Let’s discuss the requirements for a health and welfare benefit plan to file a 5500.
A health and welfare plan that covers 100 or more employees and is covered by ERISA is required to file a 5500. The 5500 instructions list welfare plan benefits as medical, dental, life insurance, short- and long-term disability, to name a few.
There are exceptions to the requirement for a health and welfare benefit plan covered by ERISA to file a 5500.
The exceptions listed in the 5500 instructions are:
1. A welfare benefit plan covering fewer than 100 participants at the beginning of the plan year and is unfunded, fully insured, or a combination of insured and unfunded.
a. Unfunded – benefits paid as needed directly from the general assets of the employer or employee organization that sponsors the plan.
b. Fully Insured – benefits provided exclusively through insurance contracts or policies, the premiums of which must be paid directly to the insurance carrier by the employer or employee organization from its general assets or partly from contributions by its employees or members. The insurance contracts or policies discussed above must be issued by an insurance company or similar organization (such as Blue Cross, Blue Shield or a health maintenance organization) that is qualified to do business in any state.
c. Combination unfunded/insured – benefits provided partially as an unfunded plan and partially as a fully insured plan. As an example, a welfare plan that provides medical benefits as in an unfunded welfare benefit plan and life insurance benefits as in a fully insured plan.
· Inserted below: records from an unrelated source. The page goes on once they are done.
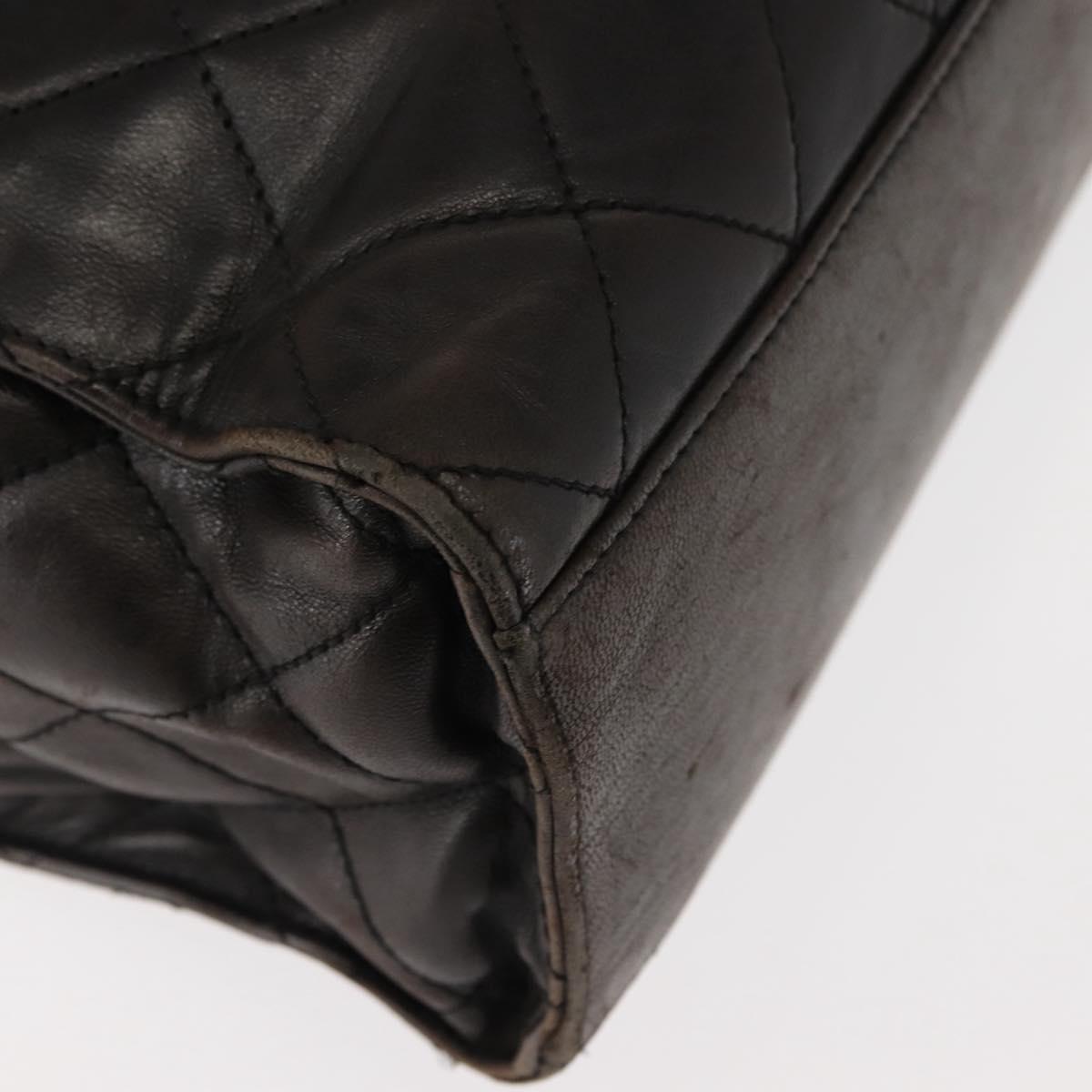 CHANEL Matelasse Tote Bag Lamb Skin Brown Gold CC Auth BA6861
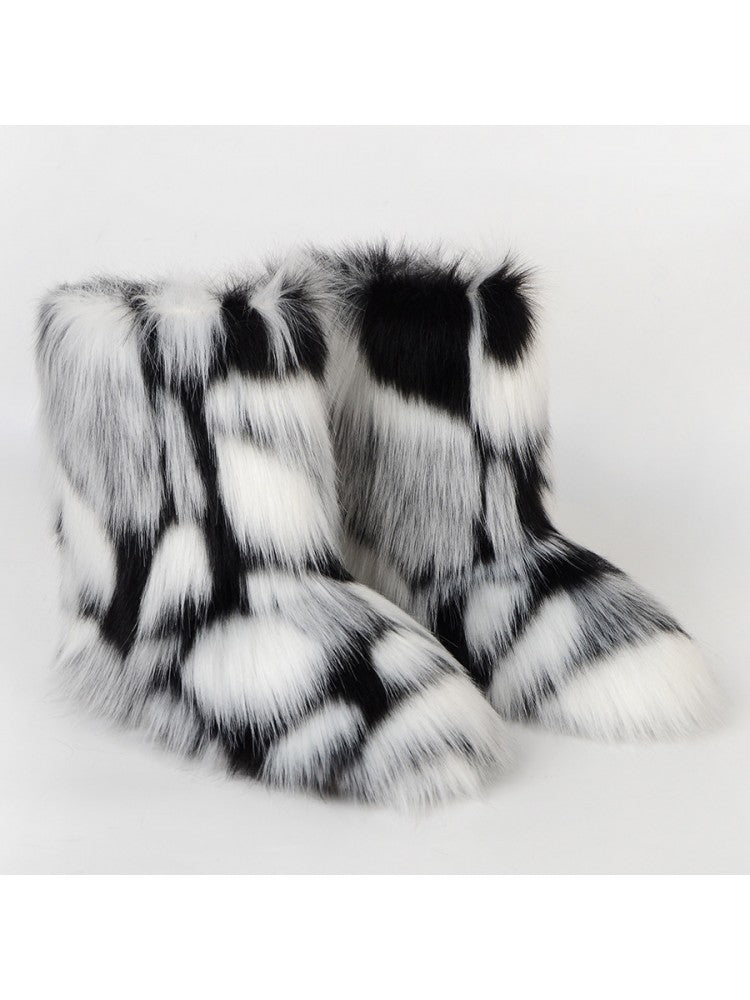Wholesale7 colorblock faux fur boots in black white for stylish winter warmth
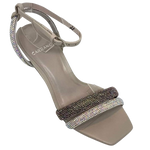 This elegant evening sandal has a soft grey (cashmere) base and straps of black and silver diamantes. It has and narrow ankle strap and a 7cm heel. A stylish sandal that will stand the test of time. Made in Brazil.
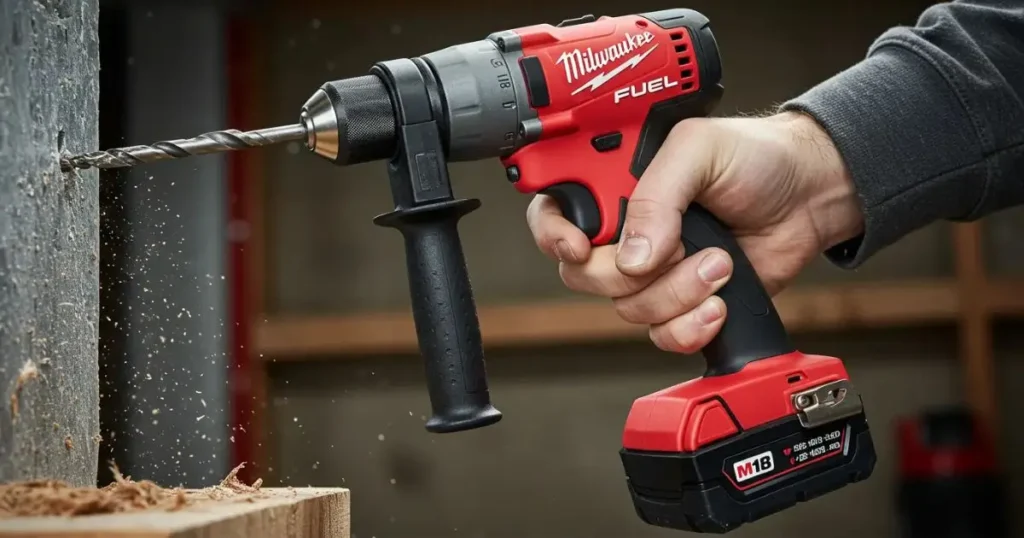 Milwaukee M18 Fuel Hammer drilling into wood.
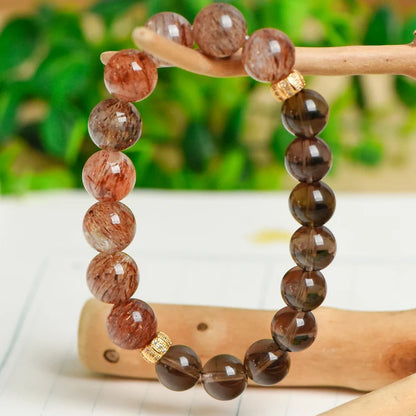 High-Quality Super Seven Energy Bracelet – Natural Smoky Quartz & Black Gold Beaded Religious Jewelry for Healing and Wealth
Plans are NOT unfunded if they received employee contributions, except for cafeteria plans.
2. A welfare benefit plan maintained outside the US primarily for persons who are nonresident aliens.
3. A governmental plan.
4. An unfunded or insured welfare benefit plan maintained for a select group of management or HCE (which meet certain requirements).
5. An employee benefit plan maintained only to comply with workers’ comp, unemployment comp, or disability insurance laws.
6. A welfare benefit plan that participates in a group insurance arrangement that files a Form 5500 on behalf of the welfare plan.
7. An apprenticeship or training plan (which meet certain requirements).
8. An unfunded dues-financed welfare benefit plan.
9. A church plan.
10. A welfare benefit plan maintained solely for a) an individual or an individual and his or her spouse, who wholly own a trade or business, whether incorporated or unincorporated, or b) partners or the partners and the partners’ spouses in a partnership.
There are a number of exceptions and specialized terms. It is best to discuss this with those who are familiar in this area to determine if the health and welfare plan meets one of the above exceptions.
So, in conclusion, don’t forget to file your organization’s “little sister” health and welfare plan 5500 filings. Although my mother’s admonishment for forgetting my sister was pretty bad, I know the DOL is worse if you forget your “little sister” health and welfare plan filing.